2012年11月14日のワールドカップアジア最終予選、オマーン戦に挑む日本代表のメンバーが5日発表された。壇上に登ったのはアルベルト・ザッケローニ監督、矢野大輔通訳の2名。会見直前に配られたリストに並んでいたのはおなじみのメンバー。その中に代表キャップがまだない宇佐美貴士(ホッフェンハイム/ドイツ)の名前が入っている。

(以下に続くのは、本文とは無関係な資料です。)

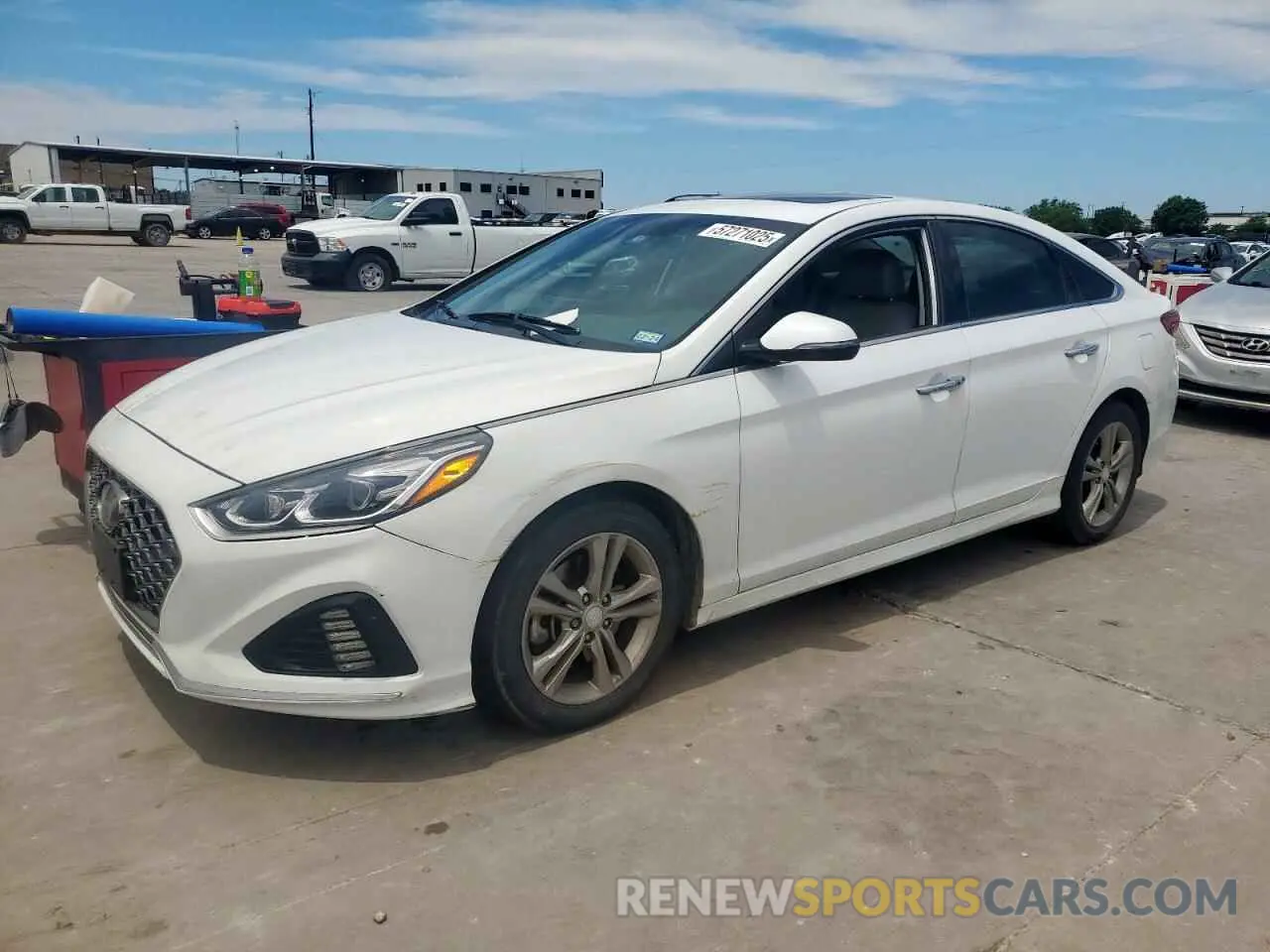 1 Photograph of a damaged car 5NPE34AF1KH740203 HYUNDAI SONATA 2019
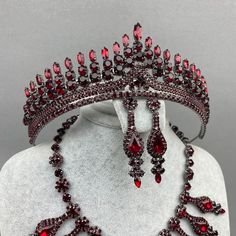 Red Wedding Headpiece, Red Crown Headpiece For Wedding, Red Crown Jewelry For Wedding, Gothic Wedding Hairstyles, Surprise Dance Outfits, Crown Necklace, Bridal Jewelry Set, Princess Tiara, Silver Crown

入室してきたときは笑顔がない監督だったが、「コンニチハ。ミナサン、コンニチハ」と日本語で挨拶。会見がはじまった。

ザッケローニ監督
「ゲンキデスカ(会場から笑い)? 私のなれているやり方では2カ月に一度しかみなさんにお会いできないのですが、最近は多いので不慣れだという気がします。ご存じのようにオマーンとの試合は我々にとって非常に重要な一戦になってくると思います。最終予選も折り返しの地点にきまして、これから後半戦には3つのアウェイという戦いになりますので、その中で、アウェイの戦いの中で、いかに勝点を拾っていけるかというところにかかってくると思います。

個人的な見解ですが、オマーンはグループの中でも組織力が優れていると思いますし、バランスが取れているという印象です。他のチームに比べるとフィジカルの面では見劣りするかと思いますが、ピッチにうまく選手を配置してきます。前回の埼玉での戦いではほとんど守備に、引いて守るというやり方をしてきましたが、通常ではボールを持ったら保持するという戦い方をするチームです。

彼らの特長としては精度の高いカウンターを持っているということと、バイタルエリアに入ってきたときに余り多くを考えずにどんどんエリアに人が入ってくるということと、そこにボールを供給してくるやり方をしてきます。グループの状況では日本が1位で、その後ろに2位タイでオーストラリアとオマーンが控えています。グループの戦い方を見てもオマーンが唯一負けているのが埼玉でのうちとの試合だけです。

なのでこの試合に関しては当然集中して挑まなければならないし、対戦相手もホームの利を生かしてきて、自分たちがキックオフの時間を決められるということで、午後一番の早い時間を設定してきた、なれている自分たちの土俵で時間を設定してきたということだと思っています。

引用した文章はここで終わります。